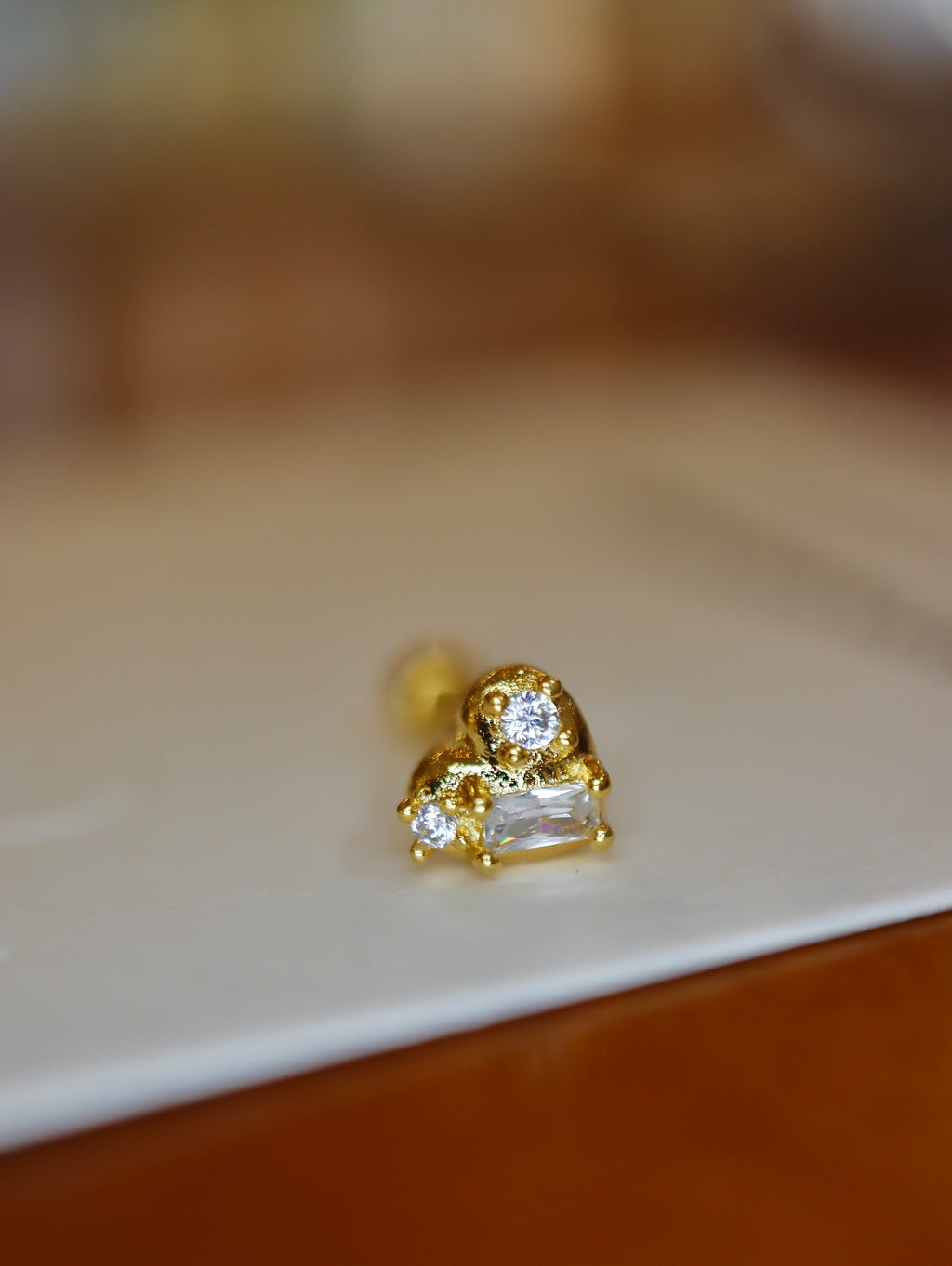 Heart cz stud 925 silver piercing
---
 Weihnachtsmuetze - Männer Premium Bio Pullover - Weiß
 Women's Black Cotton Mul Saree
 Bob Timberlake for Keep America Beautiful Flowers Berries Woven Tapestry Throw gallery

--- Task directions ---
From the listing above, output exactly the run of lines that starts with the line containing "Weihnachtsmuetze - Männer" and ends with the line containing "Bob Timberlake for".

--- Worked solution ---
 Weihnachtsmuetze - Männer Premium Bio Pullover - Weiß
 Women's Black Cotton Mul Saree
 Bob Timberlake for Keep America Beautiful Flowers Berries Woven Tapestry Throw gallery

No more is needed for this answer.